Von politischen Größen und Kolonien
Etwas Besonderes hatte Mitorganisator Peter Prawdzik zu bieten. „Eine Erstausgabe des Daily Express aus London vom 24. April 1900“, berichtete er. Die achtseitige Zeitung berichtete seinerzeit von Treffen hoher politischer Amtsträger und Geschehnissen in den Kolonien oder warb unter anderem für eine Eiffel-Tower-Lemonade.
Daneben erkannten Kenner auf dem Tisch sofort einen kleinen Stapel mit Erstausgaben von Spieleklassikern. „Das war das erste, das in Serie in den Verkauf ging“, erklärte Prawdzik zu einer Memory-Ausgabe. „So etwas suchen am ehesten Sammler.“ Das gut erhaltene, unbeschädigte Zeitungsexemplar fand an diesem Tag übrigens eine neue Besitzerin.
Für die Mitorganisatorin Gisela Moog gab es zum Abend des Flohmarkttags ein klares Fazit: „Super.

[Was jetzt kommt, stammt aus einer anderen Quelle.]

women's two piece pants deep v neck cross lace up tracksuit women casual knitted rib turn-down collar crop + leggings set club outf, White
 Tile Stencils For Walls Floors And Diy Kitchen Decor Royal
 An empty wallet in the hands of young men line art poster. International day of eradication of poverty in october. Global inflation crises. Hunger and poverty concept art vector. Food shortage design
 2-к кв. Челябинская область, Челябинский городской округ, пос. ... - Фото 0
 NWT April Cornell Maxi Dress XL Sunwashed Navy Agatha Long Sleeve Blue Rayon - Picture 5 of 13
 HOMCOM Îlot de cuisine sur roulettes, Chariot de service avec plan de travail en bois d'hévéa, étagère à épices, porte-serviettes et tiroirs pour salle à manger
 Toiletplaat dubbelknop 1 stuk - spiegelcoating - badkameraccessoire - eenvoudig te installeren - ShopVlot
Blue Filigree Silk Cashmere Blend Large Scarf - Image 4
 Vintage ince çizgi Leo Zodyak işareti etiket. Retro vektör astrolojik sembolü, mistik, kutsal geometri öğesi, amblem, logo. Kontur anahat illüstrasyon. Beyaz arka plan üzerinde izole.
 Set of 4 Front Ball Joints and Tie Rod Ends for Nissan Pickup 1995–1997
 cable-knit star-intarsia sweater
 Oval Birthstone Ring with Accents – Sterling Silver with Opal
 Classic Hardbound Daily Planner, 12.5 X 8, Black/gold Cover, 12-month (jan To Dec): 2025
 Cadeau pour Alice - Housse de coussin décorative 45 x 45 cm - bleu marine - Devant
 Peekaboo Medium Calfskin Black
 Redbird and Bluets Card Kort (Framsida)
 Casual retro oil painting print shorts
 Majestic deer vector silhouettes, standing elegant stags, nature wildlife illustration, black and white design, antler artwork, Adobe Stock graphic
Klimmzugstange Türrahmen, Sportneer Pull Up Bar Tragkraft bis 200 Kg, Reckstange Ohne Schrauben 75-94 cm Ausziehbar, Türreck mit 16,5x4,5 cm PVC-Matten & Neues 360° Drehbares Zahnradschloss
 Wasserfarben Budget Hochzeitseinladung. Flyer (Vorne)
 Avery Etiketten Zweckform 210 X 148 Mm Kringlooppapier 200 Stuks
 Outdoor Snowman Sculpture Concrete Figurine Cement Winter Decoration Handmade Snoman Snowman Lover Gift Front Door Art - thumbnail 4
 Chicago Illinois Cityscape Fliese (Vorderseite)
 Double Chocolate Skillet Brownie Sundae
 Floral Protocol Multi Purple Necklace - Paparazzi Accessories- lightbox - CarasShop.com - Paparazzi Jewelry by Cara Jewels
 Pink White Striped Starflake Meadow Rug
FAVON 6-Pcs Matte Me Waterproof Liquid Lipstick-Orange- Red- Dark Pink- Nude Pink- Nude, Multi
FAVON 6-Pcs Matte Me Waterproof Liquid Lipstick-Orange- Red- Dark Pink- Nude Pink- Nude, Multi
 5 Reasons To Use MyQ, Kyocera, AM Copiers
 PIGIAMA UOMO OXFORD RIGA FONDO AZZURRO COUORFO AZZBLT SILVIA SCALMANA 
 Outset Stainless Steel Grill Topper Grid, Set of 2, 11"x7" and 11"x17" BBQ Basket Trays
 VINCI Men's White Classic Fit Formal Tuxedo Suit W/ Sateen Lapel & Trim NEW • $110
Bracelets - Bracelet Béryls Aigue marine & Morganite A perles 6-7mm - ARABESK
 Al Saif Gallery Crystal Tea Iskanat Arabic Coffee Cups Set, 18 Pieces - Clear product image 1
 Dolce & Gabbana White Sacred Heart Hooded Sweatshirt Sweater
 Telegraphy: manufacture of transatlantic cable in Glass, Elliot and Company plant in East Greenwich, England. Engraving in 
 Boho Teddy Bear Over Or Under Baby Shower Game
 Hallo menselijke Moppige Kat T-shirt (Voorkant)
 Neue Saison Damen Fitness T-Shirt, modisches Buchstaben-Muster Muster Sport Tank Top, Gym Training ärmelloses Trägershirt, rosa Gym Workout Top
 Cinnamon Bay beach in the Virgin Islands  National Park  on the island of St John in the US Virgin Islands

Alle fanden es toll und würden so etwas gerne wieder machen, es hat sich gelohnt.“ Sie selbst hatte Garagenflohmärkte in den USA schon kennengerlernt, als in Deutschland der organisierte Flohmarkt an einem gut erreichbaren zentralen Ort mit vielen Teilnehmern an einem einzigen Platz üblich war.
In Holzem hatten schon bei der Organisation die Mitstreiter die Aufgaben auf mehrere Schultern verteilt. Nicht nur viele gute Verkäufe, auch die besondere Atmosphäre in dem Dorf ohne Bürgersteige war bei Besuchern und Machern gut angekommen. „Die Menschen standen und gingen auf der Straße, die Kinder spielten, und die Autofahrer haben Rücksicht genommen“, erzählte Moog vom erstaunlich verkehrsberuhigenden Effekt der Veranstaltung. Selbst einige Radfahrer, die hier sonst eher flott unterwegs seien, seien langsam gefahren, so Moog.
Zusätzlich gab es Führungen von Wilfried Breuer und der Historikerin Barbara Hausmanns in der Anton-Raaff-Kapelle. So erfuhren die Gäste Interessantes zum Sakralbau und zum berühmten Wachtberger Tenor Anton Raaff. Im 18. Jahrhundert war der in Gelsdorf geborene, weitgereiste Musiker und väterliche Freund von Wolfgang Amadeus Mozart mit den Eltern nach Holzem gezogen. Hier arbeitete der Vater als Verwalter für den kurkölnischen Obristhofmarschall Max Hattard Waldbott von Bassenheim an der Burg Gudenau. Die Basis der Karriere des späteren Tenors legte die Ausbildung am Bonner Jesuitengymnasium, wo Anton Raaff schon als Kind in dramatischen Aufführungen mitsang.